Across the country, more than 40% of the labour population is employed in agriculture, according to a 2018 report by the UN Development Programme. Statistics compiled by the Indian government’s National Statistics Office in 2019 show that 54% of households are agricultural ones. In some places, such as the northwestern state of Rajasthan, that percentage is well over 70%.

Yet the proportion of farmers in India is declining – down from over 60% just three decades ago – as people abandon their farms or move into urban areas. 

Mass mobilisations of farmers have been occurring for over a year as a response to three farm acts that relax the regulations surrounding the sale of their goods. While the government claims the acts will empower farmers and transform that agricultural sector, protesting farmers say that these laws will hurt their livelihoods. 

Indian farmers protest against new farm law by Indian government, Singhu Border, 2020
Indian farmers protest against new farm law by Indian government, Singhu Border, 2020. Credit: Prikshit Dalal / Alamy Stock Photo.

Rising temperatures, changing rainfall patterns and extreme weather events have all taken their toll on agriculture in the country.

The hardships facing Indian farmers can have devastating consequences.
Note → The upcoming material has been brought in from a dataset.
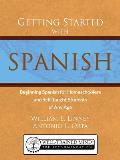 Getting Started with Spanish: Beginning Spanish for Homeschoolers and Self-Taught Students of Any Age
On average, 28 people who depend on agriculture for their livelihoods die by suicide in India every day. 

These issues are not unique to India, Sharma tells Carbon Brief:

“Indian agriculture, like agriculture everywhere in the world, is passing through a terrible, terrible agrarian distress.”

But where it illustrates the challenges of an agricultural transformation, India also provides a potential blueprint for a path forward. 

The state of Andhra Pradesh, in the south-eastern part of the country, has taken a novel approach to addressing these intersecting crises. In 2018, its government announced a plan to support its 6 million farmers in transitioning to a fully natural farming system, known as “zero-budget natural farming” (ZBNF).

The use of local resources reduces costs for farmers, easing the transition. By the year 2024, all farms across Andhra Pradesh are set to be using chemical-free agriculture. 

In parts of the state where the transition to natural farming has already begun, things are already improving for both farmers and the environment, Sharma says. He tells Carbon Brief: 

“In those areas where the transition has already taken place, we don’t see any farmer suicides. We also see that the farmers’ income, comparatively, is much better in those areas. We also see that the soil health and the environment is much, much better in those areas.”

Although not specifically carried out through a “just transition” framework, the shift to ZBNF is one of the largest-scale agricultural transformations in the world, Sharma says. “Whether it will be taken up by other states,” he says, “only time will tell”.

Proponents of industrialised agriculture or technological solutions argue that the world needs to continue to boost production and boost crop yields in order to be able to feed a population of 10 billion people by the year 2050. 

Sharma says these statistics are used to create a “fear psychosis”, noting that the world already produces enough food to feed 14 billion people, by some estimates. (Other estimates put that number around 10 billion.) He asks: 

“When we already produce food for 14 billion people, where is the crisis that we are going to face as far as production is concerned in the years to come?”

That’s not to say that people should not be trying to improve production, he says. But the real problem, in his view, is the amount of food waste generated by our current food systems.

As the failures of modern agricultural systems are laid bare, recognition of the need for change is becoming more and more evident, Sharma warns:

“The world is beginning to realise the folly it committed, when it went for intensive farming systems across the globe…The world is at least now beginning to realise that we have to move from that kind of environmentally destructive farming system…Increasingly, there is a growing awareness that this not only is possible, but this has to be done.”